◆ ASSIGNMENT ◆
Among the entries below, only the lines from the one with "Seller image for" through the one with "Dazie - Blair Knit Polo" are wanted, reproduced exactly. Pictures are not wanted.

◆ EXTRACTED INFORMATION ◆
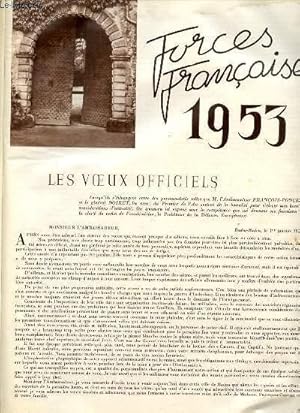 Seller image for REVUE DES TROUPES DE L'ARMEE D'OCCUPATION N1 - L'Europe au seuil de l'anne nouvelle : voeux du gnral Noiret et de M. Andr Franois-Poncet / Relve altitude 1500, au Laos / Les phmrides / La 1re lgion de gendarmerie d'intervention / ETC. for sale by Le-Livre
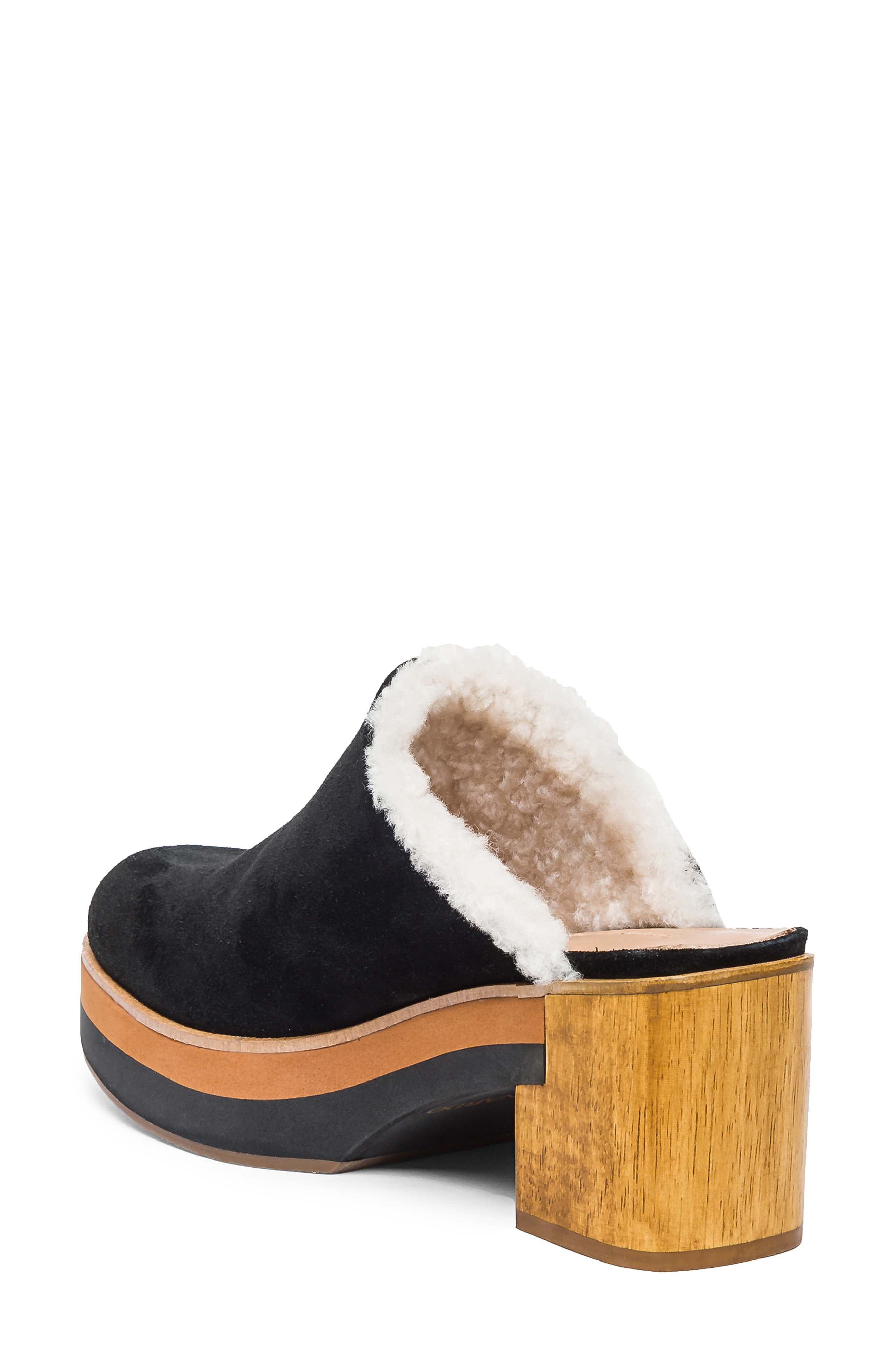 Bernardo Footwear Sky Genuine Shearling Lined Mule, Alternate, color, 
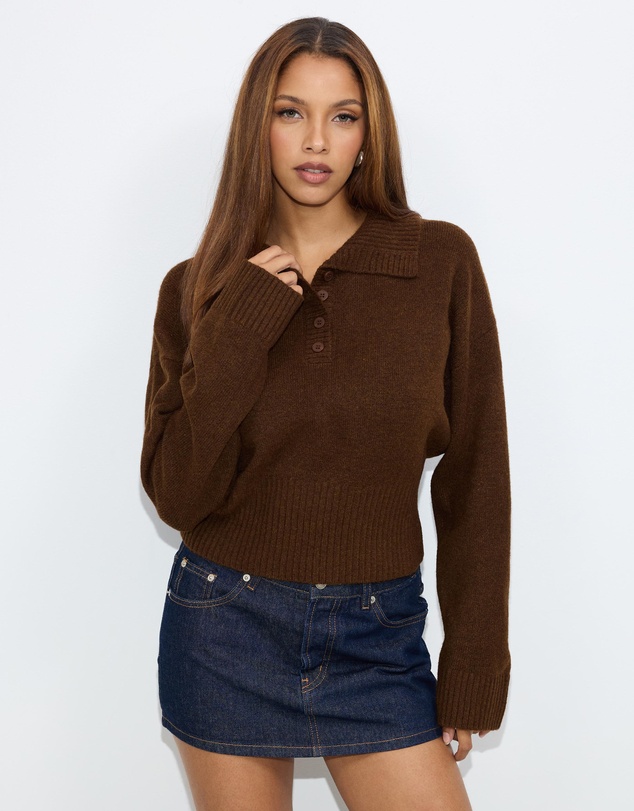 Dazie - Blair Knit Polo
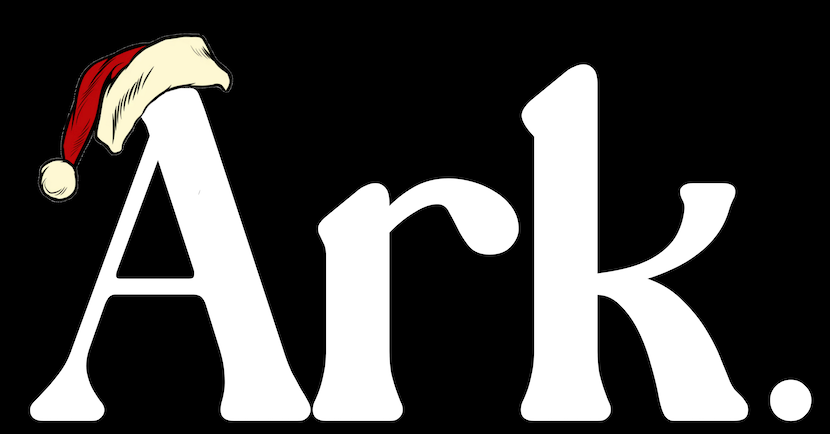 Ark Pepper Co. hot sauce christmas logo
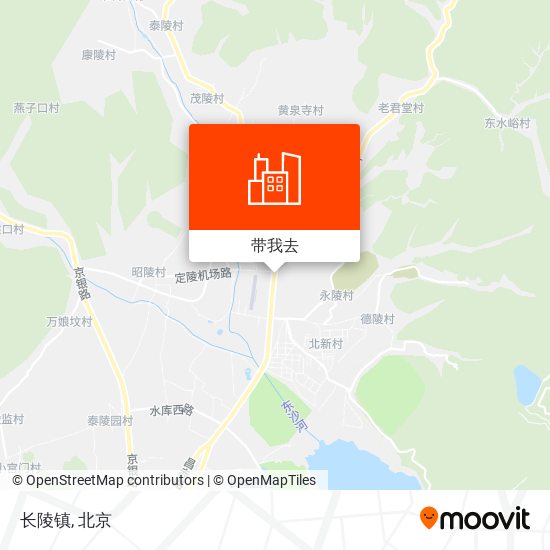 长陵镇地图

---

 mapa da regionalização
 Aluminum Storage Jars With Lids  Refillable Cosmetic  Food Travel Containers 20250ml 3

◆ ANSWER TO THE EXERCISE ◆
 Seller image for REVUE DES TROUPES DE L'ARMEE D'OCCUPATION N1 - L'Europe au seuil de l'anne nouvelle : voeux du gnral Noiret et de M. Andr Franois-Poncet / Relve altitude 1500, au Laos / Les phmrides / La 1re lgion de gendarmerie d'intervention / ETC. for sale by Le-Livre
 Bernardo Footwear Sky Genuine Shearling Lined Mule, Alternate, color, 
 Dazie - Blair Knit Polo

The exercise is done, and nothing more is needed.